Here's a brute force approach, with a possibly-unnecessary detour into complex arithmetic ...
Part 1: The Points
Let the ellipse have major radius $p$, aligned with the $x$ axis, and minor radius $q$, aligned with $y$-axis. Let its center lie at the origin. For any $\theta$, we can find a variable circle tangent to the major and minor auxiliary circles at respective points $P := (p\cos\theta, p\sin\theta)$ and $Q := (-q\cos\theta, -q\sin\theta)$; this circles center is $(P+Q)/2$, and its radius is $(p+q)/2$, so its equation works out to be
$$( 2 x - (p-q)\cos\theta)^2 + (2 y - (p-q)\sin\theta)^2 = ( a + b )^2 \tag{1}$$
We can parameterize a point on the ellipse as $E(\phi) := (a\cos\phi, b\sin\phi)$. Substituting into $(1)$ gives an implicit relation in $\phi$ for the points of intersection of the variable circle and the ellipse. With a little trigonometric massaging, this relation reduces to
$$(p-q)\; \sin\frac{\theta+\phi}{2}\;\left( p \cos\phi \sin\frac{\phi-\theta}{2} + q \sin\phi \cos\frac{\phi-\theta}{2} \right)=0 \tag{2}$$
where we'll reasonably ignore the first factor (so that we're restricting our attention to non-circular ellipses). Observe that
$$\sin\frac{\theta+\phi}{2}= 0 \tag{2a}$$
implies that $\theta+\phi$ is a multiple of $2\pi$; effectively $\phi = -\theta$. This happens to be the point that's left out of the concurrent-normals configuration. The points in the configuration correspond to three solutions of
$$p\cos\phi \sin\frac{\phi - \theta}{2}+ q\sin\phi\cos\frac{\phi-\theta}{2} = 0\tag{$\star$}$$
As-is, this equation may not look much like a cubic in $\phi$, but we can remedy that: dividing-through by the cosines gives
$$0 = p \tan\frac{\phi-\theta}{2} + q \tan 2 \frac{\phi}{2} = p \frac{\tan(\phi/2)-\tan(\theta/2)}{1+\tan(\phi/2)\tan(\theta/2)} + q \frac{2\tan(\phi/2)}{1-\tan^2(\phi/2)}$$
Defining $x_\star := \tan(x/2)$ to reduce clutter, the above becomes our obvious cubic:
$$p \phi_\star^3 - ( p + 2 q )\theta_\star \phi_\star^2 - (p + 2 q) \phi_\star + p \theta_\star = 0 \tag{$\star^\prime$}$$
Part 2: The Lines
Given a point $E(\phi) := ( p\cos\phi, q \sin\phi)$ on the ellipse, Calculus tells us that the line tangent to the ellipse at that point has direction vector $(-p\sin\phi, q\cos\phi)$, so that the normal line at that point has direction vector $n(\phi) := (q\cos\phi, p\sin\phi)$.

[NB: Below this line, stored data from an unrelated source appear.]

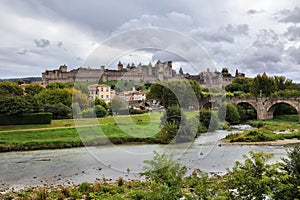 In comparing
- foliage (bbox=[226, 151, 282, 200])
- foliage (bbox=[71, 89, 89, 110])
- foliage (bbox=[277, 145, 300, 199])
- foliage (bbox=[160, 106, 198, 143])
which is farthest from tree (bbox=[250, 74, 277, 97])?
foliage (bbox=[226, 151, 282, 200])

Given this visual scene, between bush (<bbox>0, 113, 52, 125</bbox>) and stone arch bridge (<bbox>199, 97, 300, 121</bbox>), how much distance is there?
27.9m

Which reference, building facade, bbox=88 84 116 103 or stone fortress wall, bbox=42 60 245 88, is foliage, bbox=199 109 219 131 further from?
building facade, bbox=88 84 116 103

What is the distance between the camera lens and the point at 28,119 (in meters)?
38.5

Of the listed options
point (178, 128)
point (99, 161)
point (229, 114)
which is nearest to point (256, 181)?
point (99, 161)

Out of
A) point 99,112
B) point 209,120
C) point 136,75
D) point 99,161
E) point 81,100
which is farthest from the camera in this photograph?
point 136,75

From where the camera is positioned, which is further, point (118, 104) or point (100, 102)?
point (100, 102)

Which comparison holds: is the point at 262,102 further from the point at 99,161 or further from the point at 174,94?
the point at 99,161

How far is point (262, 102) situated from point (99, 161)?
41.2 metres

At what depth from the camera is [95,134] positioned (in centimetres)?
3394

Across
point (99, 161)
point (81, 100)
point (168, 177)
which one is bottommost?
point (99, 161)

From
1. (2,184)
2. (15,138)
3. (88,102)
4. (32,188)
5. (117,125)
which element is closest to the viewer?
(32,188)

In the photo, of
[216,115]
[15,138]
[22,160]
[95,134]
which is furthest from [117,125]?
[216,115]

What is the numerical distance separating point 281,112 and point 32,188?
183 ft

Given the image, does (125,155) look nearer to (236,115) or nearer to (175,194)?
(175,194)
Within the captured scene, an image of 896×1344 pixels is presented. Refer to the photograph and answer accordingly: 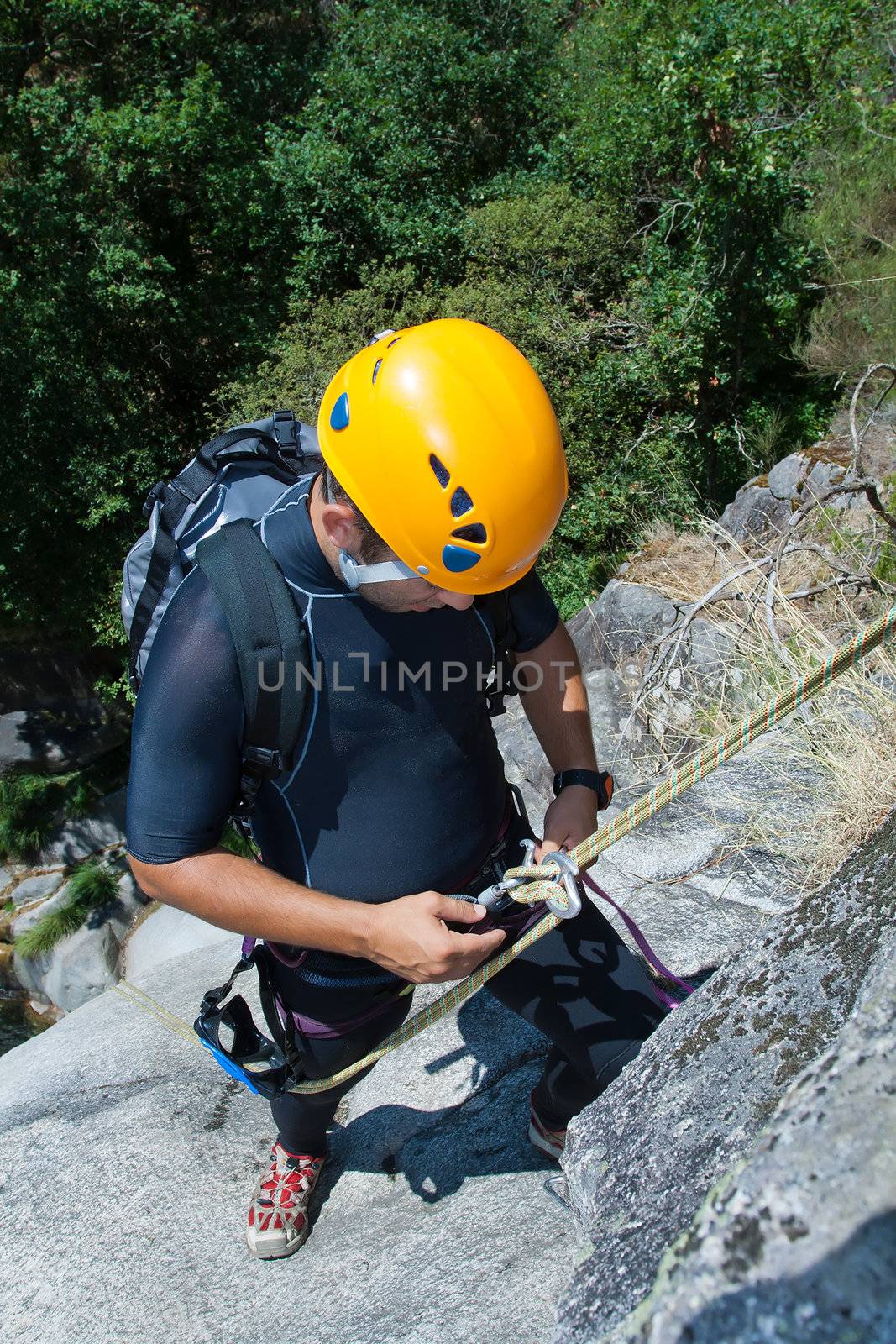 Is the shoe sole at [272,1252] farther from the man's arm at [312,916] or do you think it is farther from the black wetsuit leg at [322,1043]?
the man's arm at [312,916]

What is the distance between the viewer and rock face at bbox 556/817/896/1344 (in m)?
0.82

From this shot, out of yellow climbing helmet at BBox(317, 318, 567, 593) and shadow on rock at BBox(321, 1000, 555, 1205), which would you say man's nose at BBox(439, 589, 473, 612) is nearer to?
yellow climbing helmet at BBox(317, 318, 567, 593)

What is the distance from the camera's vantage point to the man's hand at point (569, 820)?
187 centimetres

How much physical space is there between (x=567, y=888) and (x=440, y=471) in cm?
77

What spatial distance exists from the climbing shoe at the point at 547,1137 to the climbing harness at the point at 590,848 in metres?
0.45

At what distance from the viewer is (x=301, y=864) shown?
70.8 inches

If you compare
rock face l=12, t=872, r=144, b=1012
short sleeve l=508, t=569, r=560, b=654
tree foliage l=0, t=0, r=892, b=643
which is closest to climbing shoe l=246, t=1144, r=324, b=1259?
short sleeve l=508, t=569, r=560, b=654

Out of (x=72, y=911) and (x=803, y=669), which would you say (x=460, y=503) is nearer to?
(x=803, y=669)

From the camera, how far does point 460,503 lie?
5.08 feet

We can therefore parameterize the normals at points $A := E(\alpha)$, $B := E(\beta)$, $C := E(\gamma)$, by
$$A + a\,n(\alpha) \qquad,\qquad B + b\,n(\beta) \qquad,\qquad C + c\;n(\gamma)$$
Setting pairs of parameterizations equal, we can eliminate $a$, $b$, $c$ to reveal the condition under which the normals have a common point. Again, a little trigonometric massage reduces the condition to a tidy form:
$$\sin(\alpha+\beta) + \sin(\beta+\gamma) + \sin(\gamma+\alpha) = 0 \tag{$\star\star$}$$
A less-tidy form, but one that matches $(\star^\prime)$, comes from expanding $(\star\star)$ in terms of $\alpha_\star := \tan(\alpha/2)$, etc.

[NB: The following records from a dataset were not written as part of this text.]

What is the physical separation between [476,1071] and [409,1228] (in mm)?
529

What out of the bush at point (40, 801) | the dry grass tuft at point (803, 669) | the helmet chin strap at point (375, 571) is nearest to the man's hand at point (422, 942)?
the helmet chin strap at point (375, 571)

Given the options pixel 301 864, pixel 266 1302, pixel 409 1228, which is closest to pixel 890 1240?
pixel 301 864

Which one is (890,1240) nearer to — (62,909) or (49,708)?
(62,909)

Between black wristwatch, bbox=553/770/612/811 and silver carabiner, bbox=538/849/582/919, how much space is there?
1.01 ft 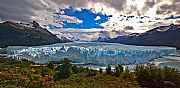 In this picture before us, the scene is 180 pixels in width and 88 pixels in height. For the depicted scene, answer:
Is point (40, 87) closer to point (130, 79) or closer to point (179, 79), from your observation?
point (130, 79)

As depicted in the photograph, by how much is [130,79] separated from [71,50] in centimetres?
4465

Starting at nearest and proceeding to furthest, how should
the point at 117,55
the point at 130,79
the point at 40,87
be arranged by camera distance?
the point at 40,87 < the point at 130,79 < the point at 117,55

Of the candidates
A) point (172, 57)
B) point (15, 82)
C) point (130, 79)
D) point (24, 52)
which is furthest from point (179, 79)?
point (172, 57)

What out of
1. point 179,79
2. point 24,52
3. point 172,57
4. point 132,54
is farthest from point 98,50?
point 172,57

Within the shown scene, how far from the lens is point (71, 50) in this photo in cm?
7525

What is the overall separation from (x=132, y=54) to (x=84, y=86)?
49.5 m

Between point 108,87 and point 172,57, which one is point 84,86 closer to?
point 108,87

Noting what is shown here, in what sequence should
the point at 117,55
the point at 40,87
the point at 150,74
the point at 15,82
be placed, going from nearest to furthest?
the point at 40,87
the point at 15,82
the point at 150,74
the point at 117,55

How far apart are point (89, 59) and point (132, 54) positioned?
10233 millimetres

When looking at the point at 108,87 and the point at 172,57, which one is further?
the point at 172,57

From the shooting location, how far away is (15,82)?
2811 cm

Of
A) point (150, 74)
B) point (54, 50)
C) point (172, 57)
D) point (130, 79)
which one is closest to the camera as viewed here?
point (130, 79)

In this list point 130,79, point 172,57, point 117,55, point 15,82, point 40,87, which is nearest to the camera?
point 40,87

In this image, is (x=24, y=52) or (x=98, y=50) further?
(x=24, y=52) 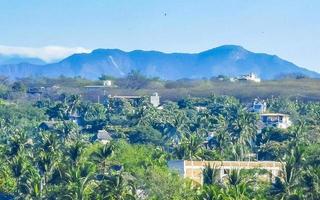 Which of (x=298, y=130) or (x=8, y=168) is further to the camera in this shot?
(x=298, y=130)

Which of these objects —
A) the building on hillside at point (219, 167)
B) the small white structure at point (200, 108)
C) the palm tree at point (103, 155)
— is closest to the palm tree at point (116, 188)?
the palm tree at point (103, 155)

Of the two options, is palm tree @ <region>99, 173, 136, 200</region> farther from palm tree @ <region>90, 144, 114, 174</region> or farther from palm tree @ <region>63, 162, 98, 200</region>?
palm tree @ <region>90, 144, 114, 174</region>

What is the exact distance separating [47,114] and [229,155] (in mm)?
65272

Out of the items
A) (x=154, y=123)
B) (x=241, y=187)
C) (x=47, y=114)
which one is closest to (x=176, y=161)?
(x=241, y=187)

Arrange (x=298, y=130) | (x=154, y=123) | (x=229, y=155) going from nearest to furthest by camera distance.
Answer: (x=229, y=155)
(x=298, y=130)
(x=154, y=123)

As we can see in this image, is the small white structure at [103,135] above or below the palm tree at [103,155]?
below

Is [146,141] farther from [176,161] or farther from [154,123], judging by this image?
[176,161]

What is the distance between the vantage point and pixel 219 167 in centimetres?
7600

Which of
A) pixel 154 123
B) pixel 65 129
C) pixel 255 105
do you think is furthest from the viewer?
pixel 255 105

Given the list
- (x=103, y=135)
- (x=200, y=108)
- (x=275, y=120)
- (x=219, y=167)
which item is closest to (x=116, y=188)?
(x=219, y=167)

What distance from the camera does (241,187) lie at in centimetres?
5809

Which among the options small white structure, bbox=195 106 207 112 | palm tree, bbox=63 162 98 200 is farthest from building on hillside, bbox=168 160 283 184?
small white structure, bbox=195 106 207 112

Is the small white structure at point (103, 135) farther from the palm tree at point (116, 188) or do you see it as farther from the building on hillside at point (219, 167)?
the palm tree at point (116, 188)

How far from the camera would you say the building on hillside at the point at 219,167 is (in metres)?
76.7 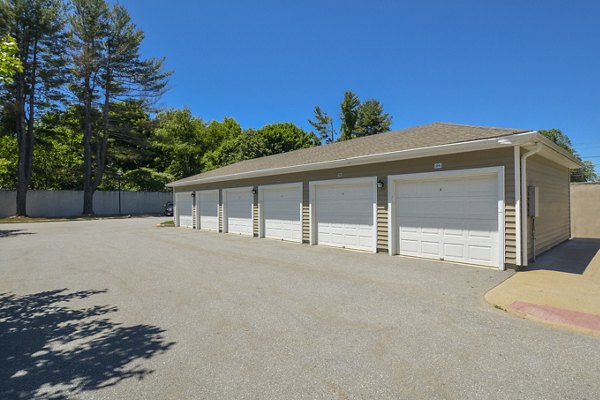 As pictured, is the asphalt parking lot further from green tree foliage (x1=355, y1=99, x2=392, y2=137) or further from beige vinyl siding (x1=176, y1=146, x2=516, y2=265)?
green tree foliage (x1=355, y1=99, x2=392, y2=137)

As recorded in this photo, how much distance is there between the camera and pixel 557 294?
4.97 meters

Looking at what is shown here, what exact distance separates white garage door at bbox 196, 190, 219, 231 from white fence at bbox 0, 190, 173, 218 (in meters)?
19.0

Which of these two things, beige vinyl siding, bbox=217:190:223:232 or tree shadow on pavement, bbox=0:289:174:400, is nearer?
tree shadow on pavement, bbox=0:289:174:400

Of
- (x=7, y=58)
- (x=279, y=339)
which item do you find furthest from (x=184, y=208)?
(x=279, y=339)

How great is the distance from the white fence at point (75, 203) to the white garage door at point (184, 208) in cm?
1619

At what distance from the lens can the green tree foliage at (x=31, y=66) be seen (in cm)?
2298

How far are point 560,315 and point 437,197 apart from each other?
13.2ft

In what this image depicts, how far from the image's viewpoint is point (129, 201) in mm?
32469

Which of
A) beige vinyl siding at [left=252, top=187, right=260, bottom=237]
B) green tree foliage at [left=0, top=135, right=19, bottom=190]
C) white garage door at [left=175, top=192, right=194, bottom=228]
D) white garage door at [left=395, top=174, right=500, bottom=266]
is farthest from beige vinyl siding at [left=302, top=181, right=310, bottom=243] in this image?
green tree foliage at [left=0, top=135, right=19, bottom=190]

$$\alpha_\star + \beta_\star + \gamma_\star = \alpha_\star\beta_\star\gamma_\star\left( \alpha_\star \beta_\star + \beta_\star \gamma_\star + \gamma_\star \alpha_\star \right) \tag{$\star\star^\prime$}$$
Part 3. The Connections
To see that $(\star^\prime)$ and $(\star\star^\prime)$ actually complete the proof, recall Vieta's Formulas for the coefficients of a polynomial in terms of its roots. In particular, if $\alpha_\star$, $\beta_\star$, $\gamma_\star$ are the roots of $(\star^\prime)$, then
$$\begin{align}
\alpha_\star \beta_\star \gamma_\star &= -\frac{p}{p}\theta_\star = -\theta_\star \tag{3a} \\[4pt]
\alpha_\star \beta_\star + \beta_\star \gamma_\star + \gamma_\star \alpha_\star &= -\frac{p+2q}{p} \tag{3b} \\[4pt]
\alpha_\star + \beta_\star + \gamma_\star &= \phantom{-}\frac{p+2q}{p}\;\theta_\star\tag{3c}
\end{align}$$
Based on the right-hand sides, we have $(3c) = (3a)(3b)$; the corresponding equality for the left-hand sides is exactly $(\star\star^\prime)$. Thus, points that lie on the variable circle are points that determine concurrent normals. $\square$